The elimination period of a long-term disability policy can be set to coordinate with the end of a short-term benefit period. A six-month short-term disability benefit period paired with a 180-day long-term disability elimination period creates seamless sequential protection — short-term benefits run through month six, long-term benefits begin at month seven. This coordination requires that both policies be in place before any disability occurs and requires consistent application of the definitions and documentation standards of both policies during a claim. Our resource on long-term disability insurance covers how to structure the LTD layer, and our how much does disability insurance cost guide covers how the combined premium of both layers relates to the income risk being protected. For applicants who want to evaluate whether the combined investment is appropriate for their situation, our is disability insurance expensive resource provides that cost context directly.

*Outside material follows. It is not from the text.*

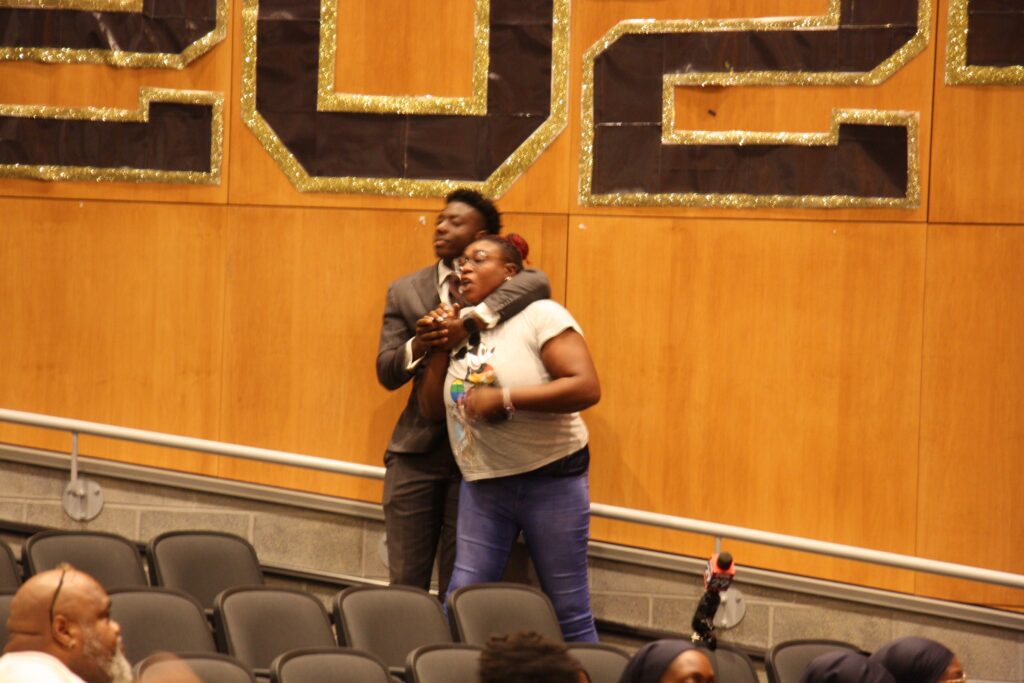 camden-county-school-district-meeting-2024-08-27-4 A man restrains a woman during the meeting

Common Mistakes When Buying Short-Term Disability Online
The online buying process reduces friction — which is mostly a benefit, but occasionally produces decisions made too quickly without adequate deliberation. The most consequential mistakes are those that result in a policy that doesn’t protect what it was supposed to protect when a claim actually occurs. Understanding these patterns in advance makes them avoidable.
Choosing the lowest premium without understanding what was sacrificed is the most common mistake. The premium adjusts with every design choice — a longer elimination period, a lower benefit amount, and a shorter benefit period each reduce premium independently. A combination of all three produces a very low premium for a policy that may provide minimal actual protection. A seven-day elimination period for an applicant who has sufficient sick leave to cover the first two weeks is paying for a feature they won’t need. A benefit amount that covers only half of essential obligations means the household is still scrambling financially even with benefits in payment. A three-month benefit period for a disability that lasts five months means two months of zero income regardless of having bought a policy. The goal is not the cheapest policy — it is the most cost-effective protection for the realistic risk.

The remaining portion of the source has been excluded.